### TASK DETAILS
Your task is to print, exactly and only, the lines from the start of the entries below through the line with "KAPITAL Smooth Jersey". Include both ends, but skip the pictures.

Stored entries
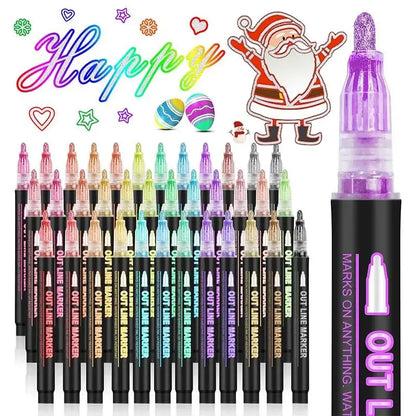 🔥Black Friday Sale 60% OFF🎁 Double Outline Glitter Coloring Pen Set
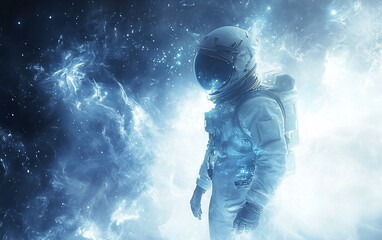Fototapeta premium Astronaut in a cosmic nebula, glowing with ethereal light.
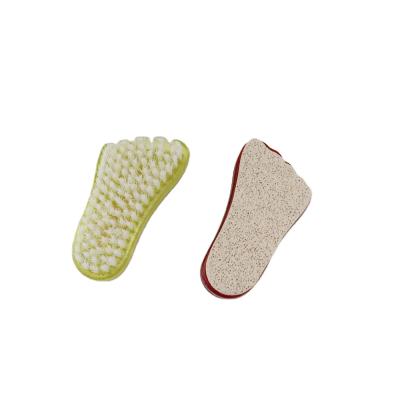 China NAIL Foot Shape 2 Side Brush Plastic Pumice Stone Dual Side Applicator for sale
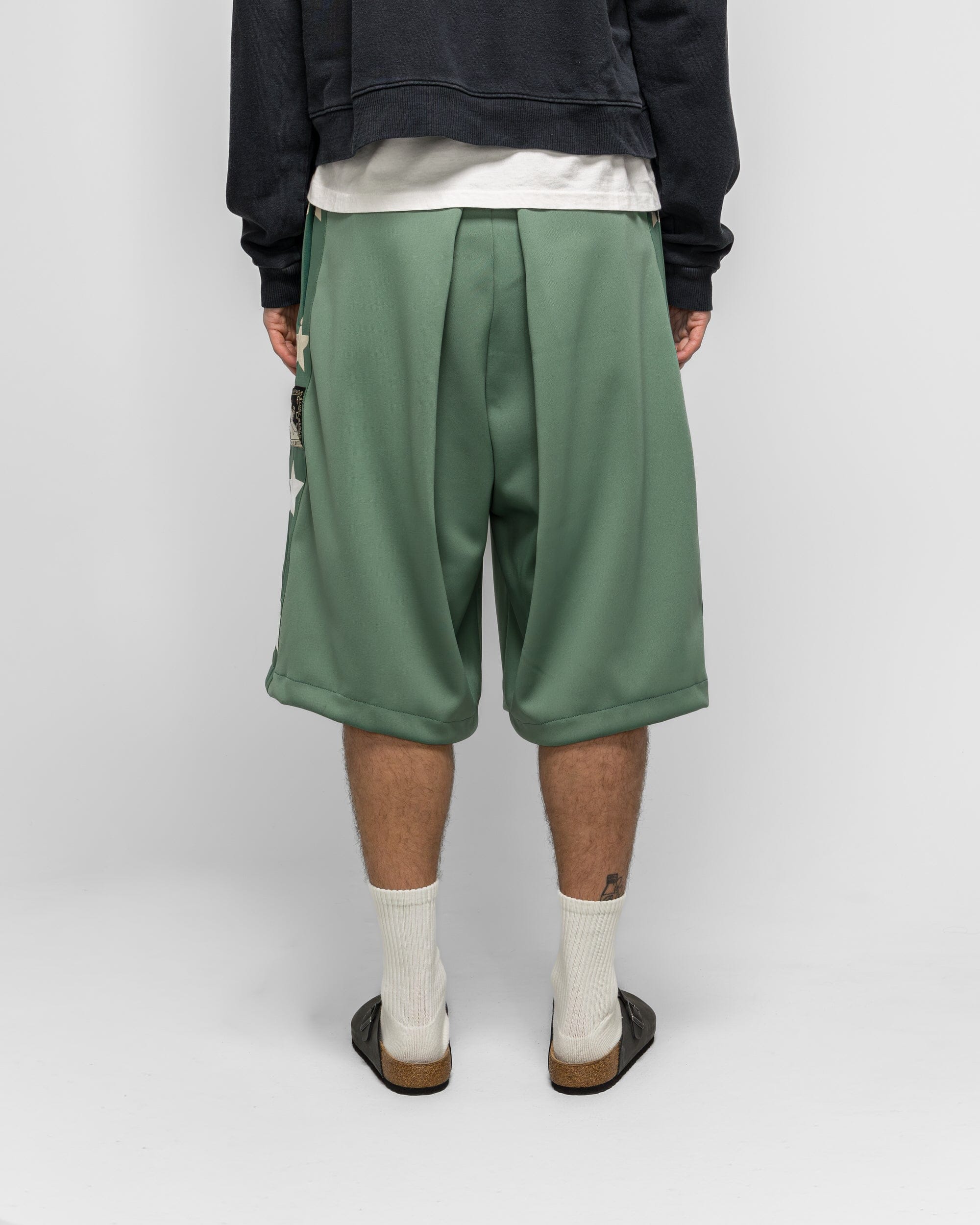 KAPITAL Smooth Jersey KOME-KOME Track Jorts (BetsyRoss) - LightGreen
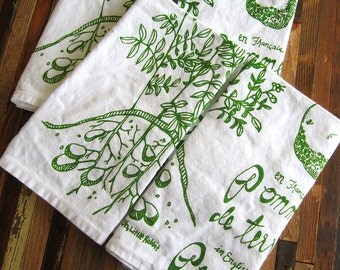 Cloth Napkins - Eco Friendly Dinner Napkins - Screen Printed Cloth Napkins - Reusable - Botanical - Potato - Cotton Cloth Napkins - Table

### COMPLETED TASK
 🔥Black Friday Sale 60% OFF🎁 Double Outline Glitter Coloring Pen Set
Fototapeta premium Astronaut in a cosmic nebula, glowing with ethereal light.
 China NAIL Foot Shape 2 Side Brush Plastic Pumice Stone Dual Side Applicator for sale
 KAPITAL Smooth Jersey KOME-KOME Track Jorts (BetsyRoss) - LightGreen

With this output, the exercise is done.